Czy Pana żona podobnie myśli o drzewach?

Chyba nie, ale ona to asymiluje! Ona moją inność, osobność asymiluje(uśmiech)…bo to jest osobność. Być może ktoś, kto będzie czytał ten materiał pomyśli o mnie, że jestem świrem. Możecie tak drodzy Państwo myśleć, natomiast ja potrafię udowodnić, że drzewo jest jednym z najdoskonalszych tworów Boga czy natury. Proszę spojrzeć na ideę drzewa. Pamiętam, będąc dzieckiem wychowującym się na Gocławku w Warszawie, widząc patologię dzielnicy, gdzie wóda i wino były wszechobecne i ja, z kolegą Krzyśkiem Krystyniakiem, chłopcy 14-letni, ale bardzo trzeźwo patrzący na życie, buszując gdzieś na Olszynce Grochowskiej pomiędzy drzewami właśnie, zadałem mojemu koledze pytanie: „Krzyś, czy my też tak będziemy pić jak ci wszyscy dookoła?” A on odparł: „Broń Boże!” „To co zrobimy? Może przysięgnijmy, że przez 10 lat nie będziemy pić.” I komu przysięgliśmy? Brzozie! Objęliśmy wielką starą brzozę(śmiech) i przysięgliśmy jej i sobie, że nie będziemy pić. Dziwne, ale straszne zarazem, dlatego, że „najlepsze lata”, kiedy ludzie trenują picie, ja po prostu „zmarnotrawiłem”. I w tej dziedzinie jestem do niczego.(śmiech) Do 24., właściwie do 25. roku życia nie piłem, Krzysiek-mój przyjaciel całe życie nie pije. Jakiś czas temu lekarz, przez wzgląd na początkowe stadium wrzodów, zalecił mi picie spirytusu z cytryną, lub imbirem, 2 razy dziennie po 15 gram, ale poza tym bardzo rzadko piję alkohol. Nigdy w życiu nie byłem pijany!

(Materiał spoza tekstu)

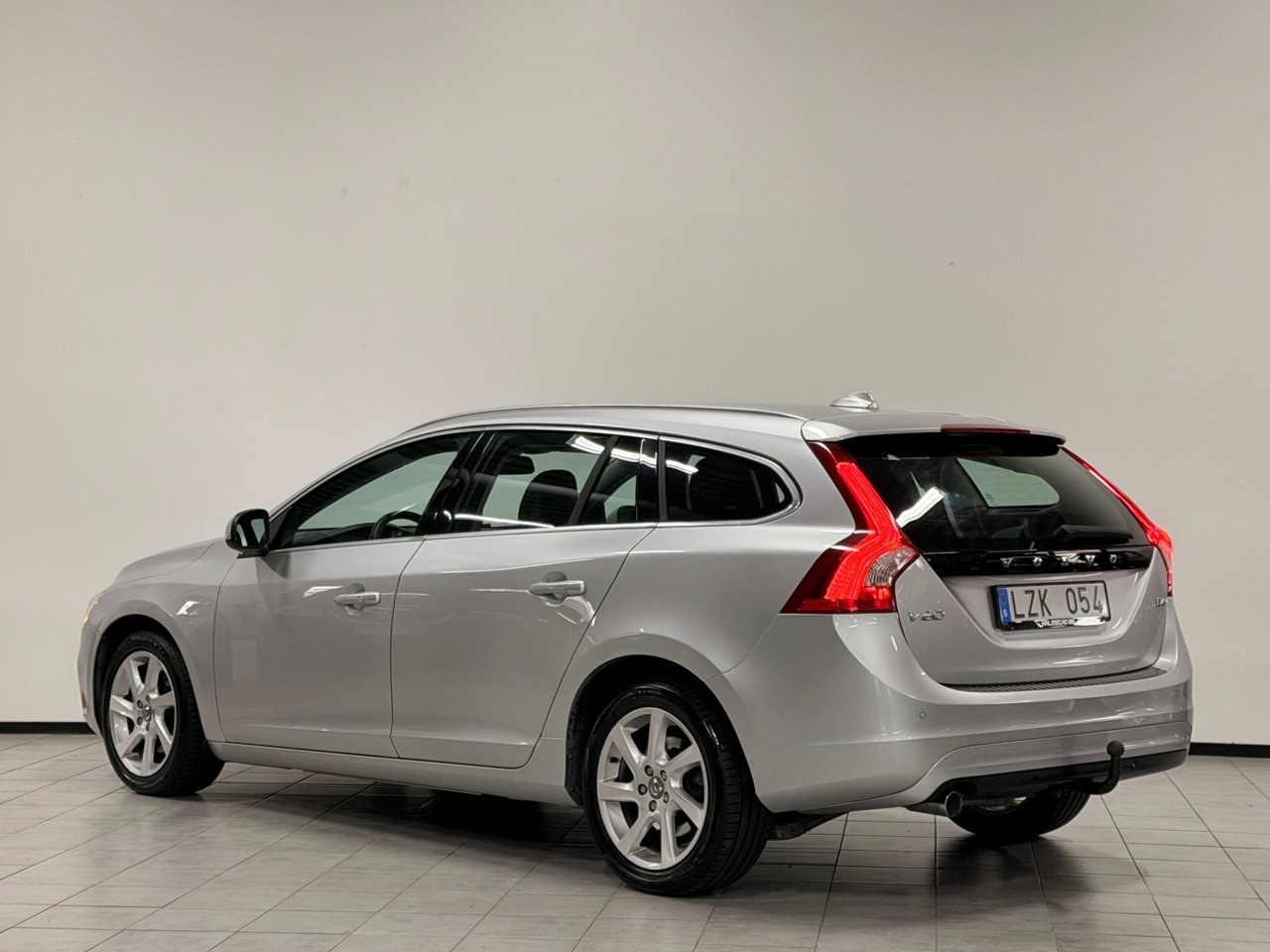 Volvo V60 D4 Summum Geartronic 163hk 2014, bild 5/10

A jak dzisiaj wygląda Pańskie zdrowie? Przez ostatnie 2-3 lata miał Pan wiele powodów, przez które mógł się Pan nabawić wrzodów.

Nie mam wrzodów. Wyniki mam bardzo dobre. Ludzie mówią, że widać cierpienie na mojej twarzy, ale jak to mówią poeci: „cierpienie uszlachetnia”.(uśmiech) Ale też zadaję Bogu pytanie: „dlaczego ja mam być tak szlachetny?!”

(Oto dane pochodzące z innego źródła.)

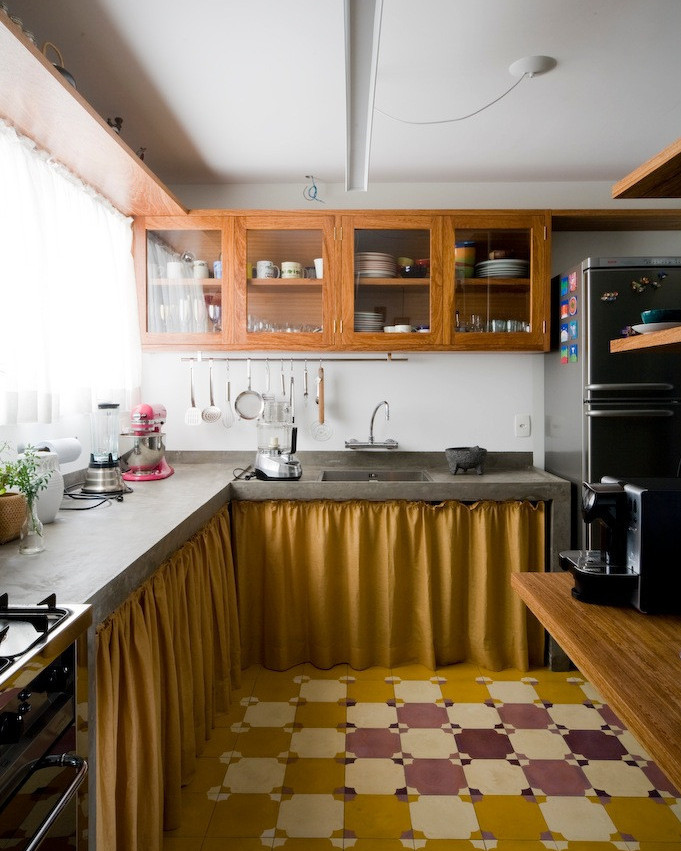 Ideias inspiradoras para decoração de cortinas na cozinha 10 Cortina para pia 04 - Para chamar mais atenção para o item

Zadawał sobie Pan pytanie, jaki może być powód takiego cierpienia?

Nie miałem lekkiego życia i często zadawałem losowi pytanie: dlaczego?! Ksiądz Jerzy Popiełuszko, z którym znałem się jeszcze w stanie wojennym, skonkretyzował to we mnie, abym się zwracał do Jezusa Chrystusa, który jest dowodem męskiej siły, niezawisłości i nieprawdopodobnej mocy charakteru. Tak więc często zadaję pytanie: „Jezu, do czego mnie tak przygotowujesz? Już jestem tak wytrenowany w tym cierpieniu, że mi chyba wystarczy”(śmiech).

…chciałbym pożyć.

Bardzo ładnie Pan powiedział. Chciałbym pożyć(uśmiech)…ale niestety jeszcze nie teraz!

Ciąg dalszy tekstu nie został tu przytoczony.